What?! What am I missing here? Her inner lawyer reacting to the suspicious scent, Eri could hardly wait to ask a few questions as soon as Sera left the room.
---
“There you are,” Masumi grimly greeted Conan-kun, Mouri-san and Takagi-keiji as she walked over to their cafeteria table and sat down with them. Conan’s coffee was untouched.
“Satou-san wants to talk to Mouri-san and Takagi-keiji.” Both men got up, but Masumi grabbed Conan’s hand before he could follow along.
Takagi gave her a thankful smile as he hurried out.
“Give her some time. She would still try to smile for you,” she told Conan.
He grimaced. His small hands made equally small fists.
“Even though she asked me—while we were alone—if I was lying to her as much as you do.” Masumi’s words were clipped.
His eyes darted up to her face. A flash of panic and self-disgust, instantly hidden behind a childlike “I never lie,” they both knew was untrue.
His fists turned white.
Since she had tricked him into answering to ‘Kudou’ three months ago, he had turned up the pretense around her. Until he broke script earlier that day. As he did now:
“How bad…?” His voice shook, trailed off.

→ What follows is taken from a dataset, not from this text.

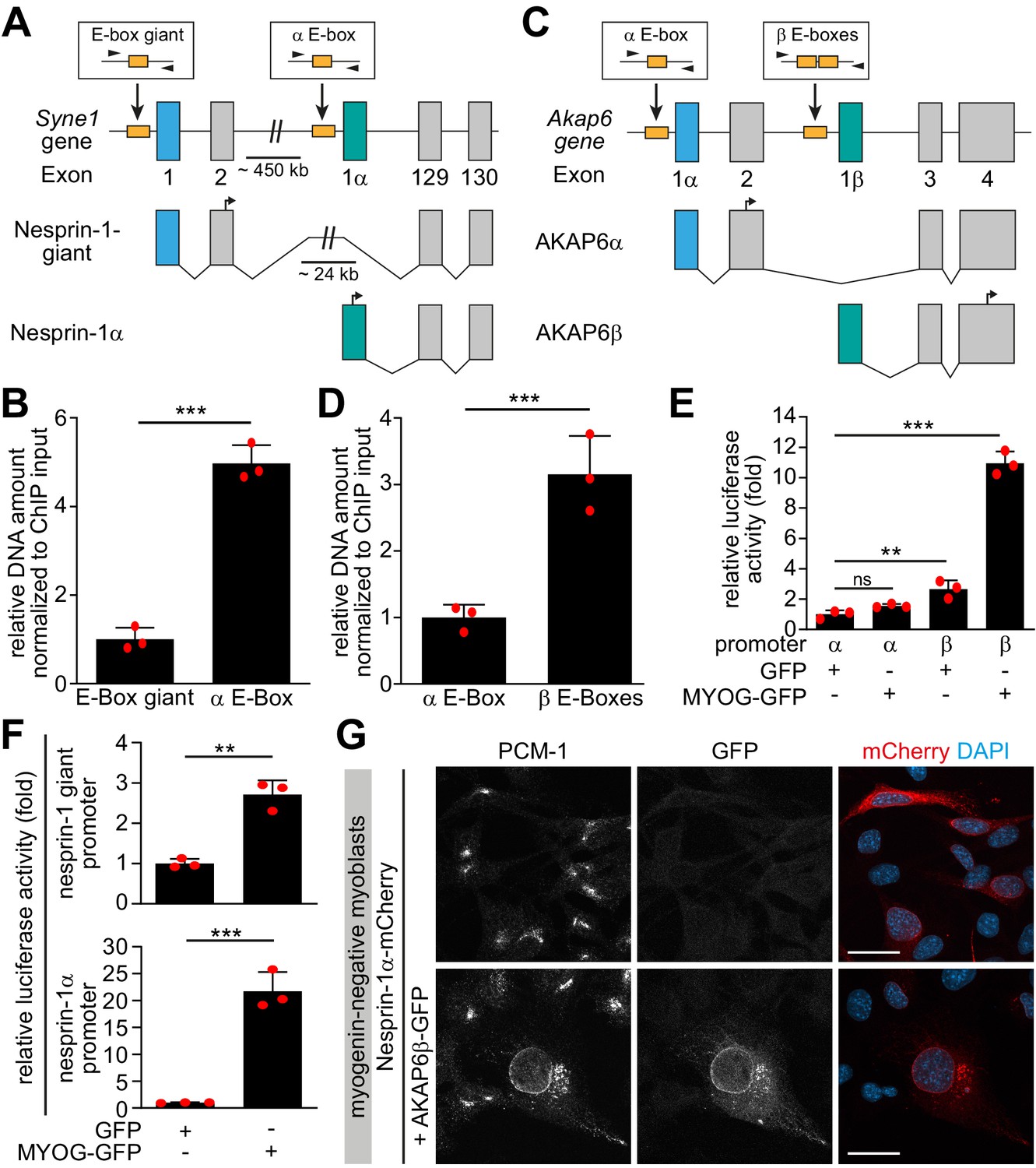 Figures And Data In Myogenin Controls Via AKAP6 Non-centrosomal ...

“What do you think?” she shot back, “you saw the video.”
Her anger didn’t surprise him. “Even the life-stream,” he whispered with a suppressed shudder. “Every f*** second of it until the text came…” He broke off abruptly.
Masumi was stunned. She couldn’t even begin to imagine the agony, the helplessness.
“What did she say that made you so angry?” His voice held no emotion, his body was still. Waiting for the axe to drop.
She looked away from him. How sure was she that this little twerp was Shinichi? 99,99%.
“She wouldn’t have walked into the trap if she’d been sure about you.”
He closed his eyes, trying to contain the anger and despair welling up in him.
Masumi pitched her voice barely above a whisper, just enough to keep the next set of words between themselves. “He told her that Gin gave him five days to kill Kudou Shinichi. If he didn’t manage that, he’d have at least fun with her before he died.”
Conan flinched, but showed no surprise at the mention of Gin.
He knew. He knew they were involved. That … callous idiot! She pressed her palms to the table to curb the impulse of hitting him. Hard.
“Wait, he told her about Gin?” his face froze in horror for a second.
Before she could react, he said “Toilet, sorry Sera-neechan,” jumped up from his seat and was gone within seconds.